Survey effort was limited by the availability of qualified researchers in some years and on some nights, thus in some instances the number of males in large choruses was recorded as >10 rather than counting each male. For this reason we grouped all observed chorus sizes of 10 or larger as a single category (≥10) for analysis. Further, on several occasions (n = 4) evidence of reproduction was observed at ponds where no chorusing (MCS = 0.0) was detected during acoustic surveys at any time during the breeding season. To the best of our knowledge, reproduction in B. houstonensis always and by necessity is preceded by chorusing, as is generally true of acoustically-communicating amphibians [5], [6]. Since inclusion of these four individual observations in our analyses would serve only to obfuscate the relationship between chorus size and reproduction, and given our conviction that these observations were obtained in error, we chose to remove them from the dataset prior to data analysis. We attribute these observations to the occasions on which severe weather prevented the safe completion of surveys during conditions that were otherwise suitable for B. houstonensis reproduction. Two ponds (pond 4 and pond 17) did not support any evidence of B. houstonensis breeding behavior during any survey year and were not included in our analyses.

Statistical Analyses

Reproductive output was considered as positive or negative (REP+, REP−). We scored a pond REP+ if eggs, tadpoles, or juvenile toads were observed at the pond at any point during the reproductive season of a given year. We calculated mean yearly chorus size (MCS) as the total number of males heard calling at a pond through the entire breeding season divided by the number of surveys during the season. To determine if a relationship exists between MCS and REP, we employed an information theoretic model selection approach. The Akaike Information Criterion corrected for small sample size (AICc) [24] and Akaike weights were used to choose the model that best fit the observed reproductive events. MCS was coded as a continuous, fixed predictor for model fitting. In order to assess the potential influence on observed reproduction of pond quality and climatological variation among years, we included terms for pond and year in the model fitting process. Both variables were treated as fixed categorical predictors. We used the chosen model to calculate the probability of reproduction across the empirical range of MCS.

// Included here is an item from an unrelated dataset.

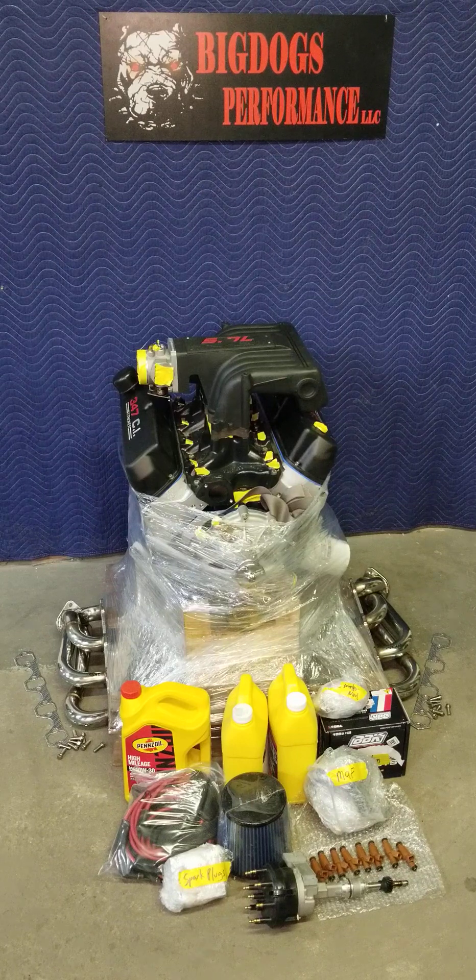This particular crate motor package sold for under $9,000. You can check around, compare prices, and you'll see this is a great value — you get all of this with that horsepower. We already knew pretty much what the motor was going to make because this is not our first crate motor and not our first motor that we've built. We've built many motors. We've been doing this individually for a long time, and as a company we've been doing it for a while now also.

Owing the nature of B. houstonensis breeding phenology (explosive breeding with sporadic chorusing events through late winter and spring), the MCS dataset contains many survey nights on which no toads were heard calling. Therefore, while MCS is a useful variable for assessing component Allee effects at the level of the pond, this value may significantly underestimate the actual number of calling males necessary for successful reproduction. To further understand the effect of chorus size on reproductive success, we removed the 45 MCS values that represented years during which no chorusing was detected at a pond, and calculated mean chorus size (CHOR) from only the nights on which at least one male was heard calling for each pond and year. These values were then divided into two groups based on whether reproduction was observed (CHOR+) or not (CHOR−), and the distributions compared using a two-sample t-test. CHOR values were ln transformed prior to conducting the test to meet the assumption of homoscedasticity.


Qualitative Indicators

Our analyses included 1,935 survey nights after exclusion of surveys of ponds where reproduction occurred with no chorusing detected during that year. Chorusing was detected on 139 survey nights, or in 7.0% of all surveys. This number reflects the breeding phenology of B. houstonensis, an explosive breeder that typically breeds on only a few nights during the spring in response to environmental conditions that favor reproduction [23]. Chorusing was detected at 55.1% of ponds surveyed across all years, eggs and/or tadpoles were detected at 19.9% of ponds surveyed across all years, though emergence was detected at only 7.8% of ponds surveyed across all years (Table 1). A total of 101 MCS values were included in our analyses, of which 45 MCS values were 0 (i.e. no chorusing was detected at that pond during that survey year). MCS, CHOR, number of nights surveyed, and number of nights on which at least one male B. houstonensis was detected calling are summarized for each pond and year in Table S1.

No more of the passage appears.